**AIM OF THE EXERCISE:** Somewhere below are a line with "Pills capsules with" and a later line with "Moderno kupatilo obloženo". Output exactly those lines and all lines between them.

**RECORDS TO PROCESS:**

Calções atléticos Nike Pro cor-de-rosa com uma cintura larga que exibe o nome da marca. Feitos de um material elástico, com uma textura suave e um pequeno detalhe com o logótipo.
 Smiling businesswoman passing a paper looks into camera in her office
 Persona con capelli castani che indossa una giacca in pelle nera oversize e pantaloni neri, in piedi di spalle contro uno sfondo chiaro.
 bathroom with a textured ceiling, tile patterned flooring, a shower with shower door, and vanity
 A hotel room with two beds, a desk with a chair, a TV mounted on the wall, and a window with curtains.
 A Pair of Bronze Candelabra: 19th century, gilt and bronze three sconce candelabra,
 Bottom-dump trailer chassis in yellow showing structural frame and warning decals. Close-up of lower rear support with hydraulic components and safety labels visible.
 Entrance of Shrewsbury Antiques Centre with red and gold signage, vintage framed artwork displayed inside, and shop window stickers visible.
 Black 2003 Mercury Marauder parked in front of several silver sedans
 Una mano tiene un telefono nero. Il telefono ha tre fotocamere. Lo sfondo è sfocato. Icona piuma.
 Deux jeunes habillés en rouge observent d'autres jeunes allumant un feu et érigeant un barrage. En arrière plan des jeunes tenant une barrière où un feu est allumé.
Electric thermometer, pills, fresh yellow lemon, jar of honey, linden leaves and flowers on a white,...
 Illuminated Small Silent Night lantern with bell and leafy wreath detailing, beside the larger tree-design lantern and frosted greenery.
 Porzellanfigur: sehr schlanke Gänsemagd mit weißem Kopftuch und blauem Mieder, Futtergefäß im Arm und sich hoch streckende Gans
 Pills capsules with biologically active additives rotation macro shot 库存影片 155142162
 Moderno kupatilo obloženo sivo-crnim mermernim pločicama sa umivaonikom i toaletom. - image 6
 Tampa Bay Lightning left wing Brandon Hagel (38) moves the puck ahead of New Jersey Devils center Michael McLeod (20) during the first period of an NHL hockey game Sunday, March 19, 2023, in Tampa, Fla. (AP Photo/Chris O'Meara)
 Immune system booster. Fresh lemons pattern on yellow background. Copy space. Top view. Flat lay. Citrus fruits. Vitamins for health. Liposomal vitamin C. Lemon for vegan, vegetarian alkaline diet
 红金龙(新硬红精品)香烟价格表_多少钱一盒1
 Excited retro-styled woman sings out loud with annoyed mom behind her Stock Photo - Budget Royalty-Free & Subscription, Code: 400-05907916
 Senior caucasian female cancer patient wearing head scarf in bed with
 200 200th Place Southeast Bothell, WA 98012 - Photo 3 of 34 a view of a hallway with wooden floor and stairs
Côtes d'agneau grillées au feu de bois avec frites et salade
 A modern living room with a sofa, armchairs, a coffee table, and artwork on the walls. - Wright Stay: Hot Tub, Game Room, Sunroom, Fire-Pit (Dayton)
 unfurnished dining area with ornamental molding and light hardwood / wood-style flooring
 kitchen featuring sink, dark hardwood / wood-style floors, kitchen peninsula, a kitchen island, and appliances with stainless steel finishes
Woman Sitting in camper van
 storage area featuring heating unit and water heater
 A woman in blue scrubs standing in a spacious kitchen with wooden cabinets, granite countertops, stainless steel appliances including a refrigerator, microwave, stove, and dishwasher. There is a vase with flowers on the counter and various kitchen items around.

**ANSWER:**
 Pills capsules with biologically active additives rotation macro shot 库存影片 155142162
 Moderno kupatilo obloženo sivo-crnim mermernim pločicama sa umivaonikom i toaletom. - image 6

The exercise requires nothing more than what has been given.